-- Data section follows --

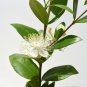 Myrtus Communis 100 PCS Seeds
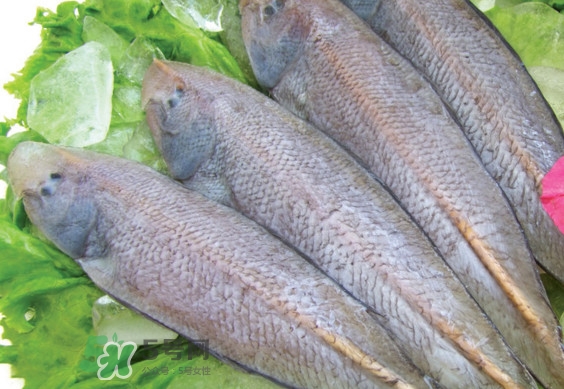 龍利魚有寄生蟲嗎？龍利魚有假的嗎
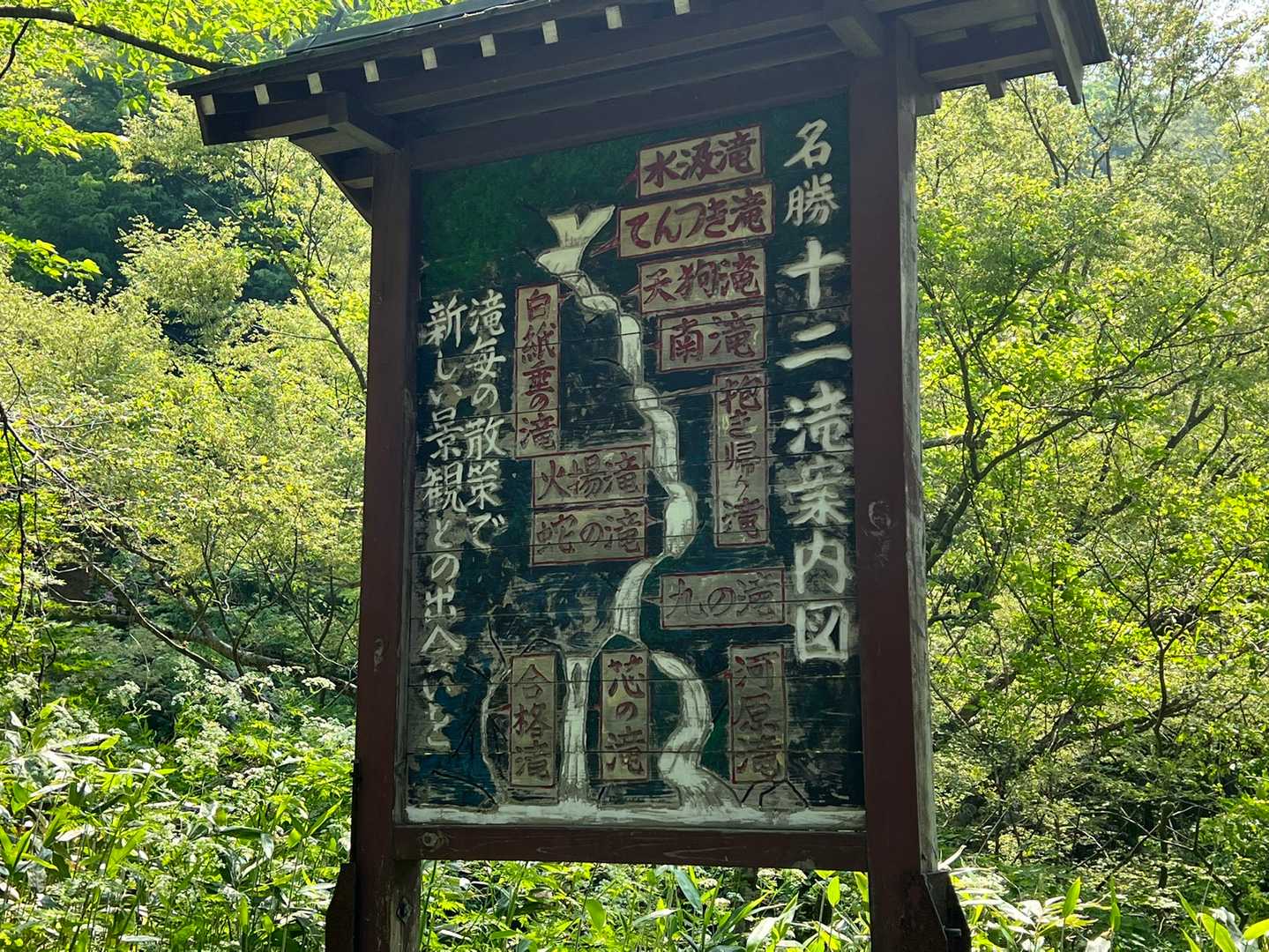 経ヶ蔵山 往復コースの写真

-- Data section concluded --

Your task
Skip every picture, and give the rest of the material above again exactly.

Response
 Myrtus Communis 100 PCS Seeds
 龍利魚有寄生蟲嗎？龍利魚有假的嗎
 経ヶ蔵山 往復コースの写真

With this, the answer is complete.